Non so quali siano le soluzioni per uscire da una crisi che si vuole più grande di noi, non so decriptare le decisioni su scala mondiale di multinazionali dal potere assoluto, non so cosa indicano termini tecnici dal suono tetro tipo spending review o spread, non so perché il debito come per magia si fa improvvisamente sovrano, non so……
Non so le cause ma ne conosco perfettamente gli effetti sulla pelle della gente comune, effetti letali per un’umanità che sta smarrendo piano piano se stessa. Precarietà, insicurezza, angoscia, disoccupazione, frustrazione, impossibilità e chi più ne ha più ne metta.
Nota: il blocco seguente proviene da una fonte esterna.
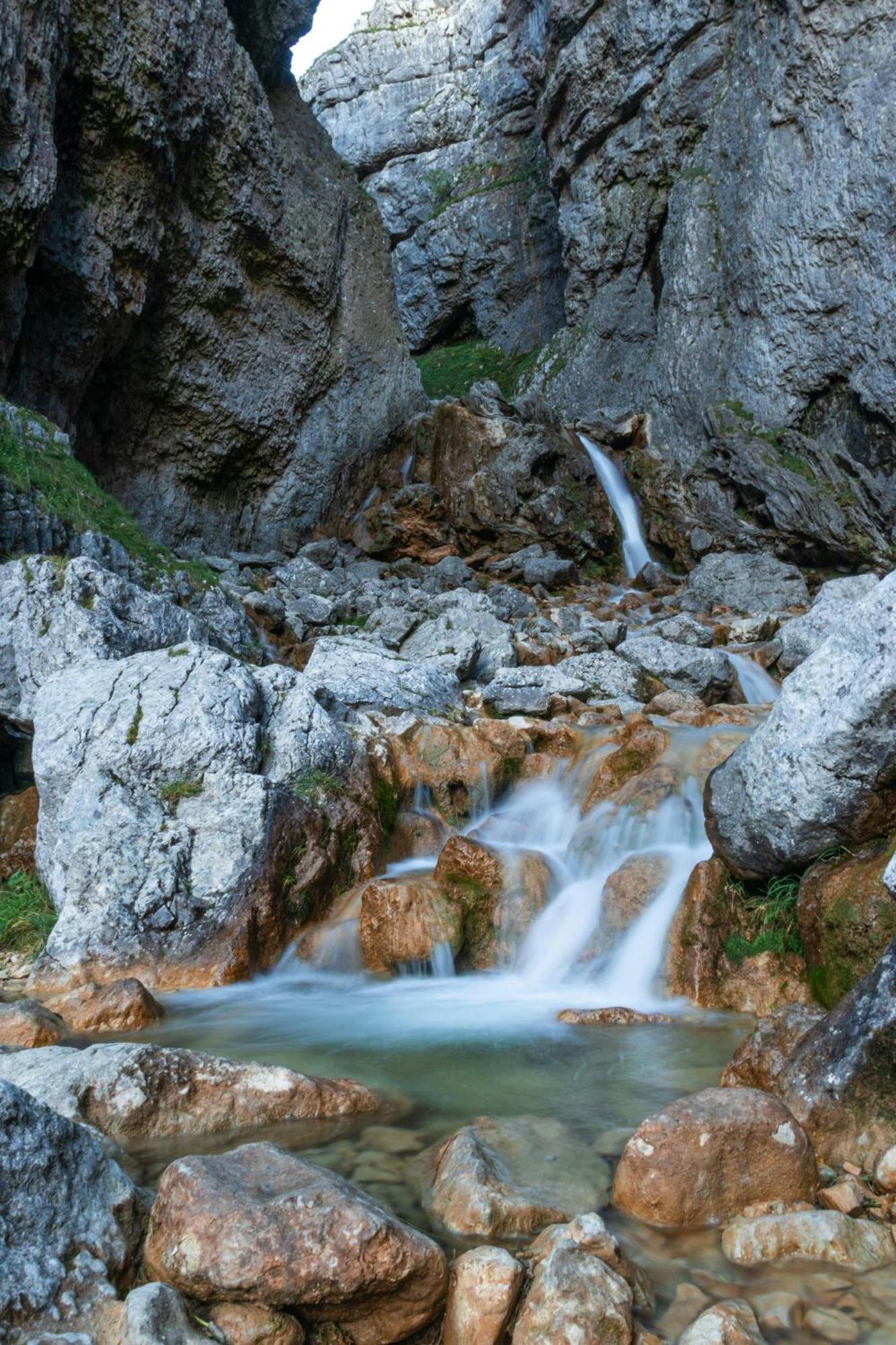 Central Malham Wellbeing Escape With Hot Tub Sleeps 8 Zewnętrze zdjęcie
Tutte queste sensazioni stanno attraversando oggi l’intero tessuto cittadino di Terni. Una città cresciuta intorno alle sue fabbriche, fabbriche che in una via crucis senza fine sembrano destinate alla chiusura vuoi per delocalizzazione, vuoi per antitrust, vuoi per scelte (o meglio non scelte) di politica industriale, vuoi per…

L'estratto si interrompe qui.